Apparently, Uber knows when the battery on your phone is running low – and that you’ll be more likely to pay higher ‘surge’ prices for a ride as a result of it.
According to the Independent, the taxi-hailing app captures a massive amount of data on all its users, and the company’s head of economic research Keith Chen has revealed how Uber uses that information as business strategy.
Speaking to NPR’s Hidden Brain programme, Chen said how much battery users had left on their phones was ‘one of the strongest predictors of whether or not you are going to be sensitive to surge’ – or, in other words, willing to pay twice or more of the normal cost of a journey.
How do they know this? Well, it’s your Uber app that gives you away.
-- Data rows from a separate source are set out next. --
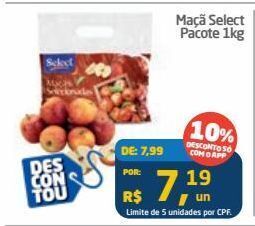 Tenda Atacado Maçã select pacote 1kg oferta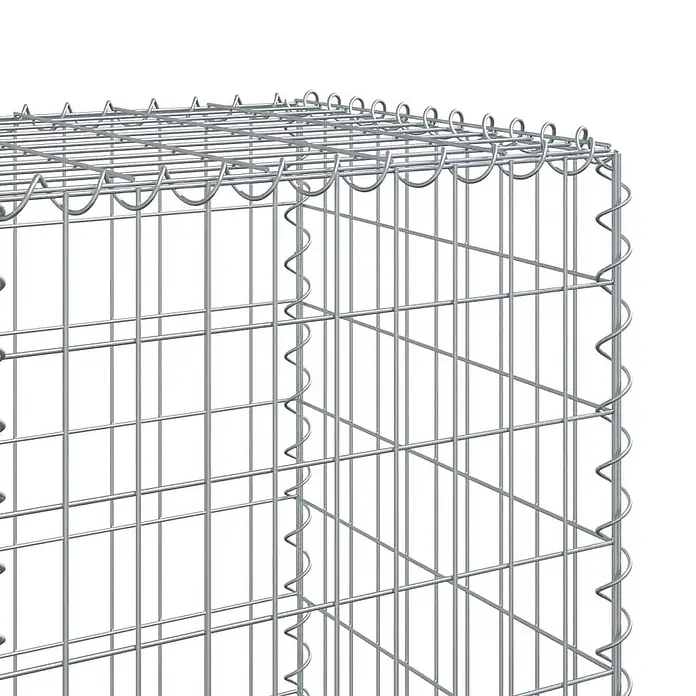 Furnicato Gabione - 1.100 x 50 x 150 cm, Metall, Maschenbreite: 50 mm, Maschenhöhe: 100 mm - Eckteil eines Gabionenkorbs aus silbernem Drahtgeflecht mit Spiralverbindern.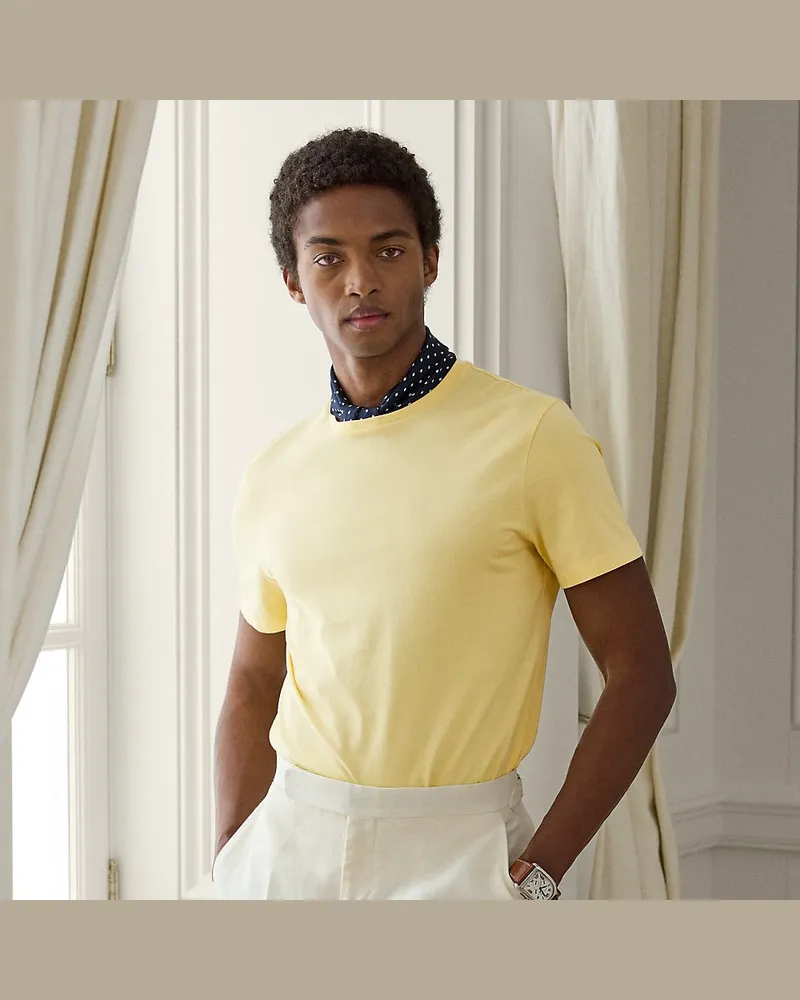Ralph Lauren Rundhals-T-Shirt aus Florgarn Yellow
The company knows whether or not a user has low battery because the app needs to use that information to go into power saving mode.
Chen said: “When your phone is down to 5 per cent battery and that little icon on the iphone turns red, people start saying I’d better get home or I don’t know how I’m going to get home otherwise.”
But Chen adds that they ‘don’t use that to push you to a higher surge price’ – it’s just an ‘interesting psychological fact of human behaviour’.
So while it’s a good trick to pick up desperate people, the company won’t push the price on you.
Uber has also discovered something called a ’round number effect’, another trick on how and when people accept paying more. Chen said the company is more likely to offer you a journey that costs ‘2.1 times’ normal than ‘2 times’ because apparently, it looks smarter.
Chen said:
When you tell someone your trip is going to be two times what it would normally be, people think that is capricious and unfair – somebody just made that up.
Whereas if you say your trip is going to be 2.1 times what it normally is they think there is some smart algorithm at work, it doesn’t seem quite so unfair.
He added that Uber does ‘have access to a tremendous amount of data,’ but you shouldn’t be worried – Chen says there are privacy rules in place to protect user’s data, saying: “We take our responsibility very seriously.”
So if you want to get a fair price, remember a surcharge .1 higher than the normal cost isn’t a smart algorithm, and charging your battery will keep you from being subject to higher surge prices.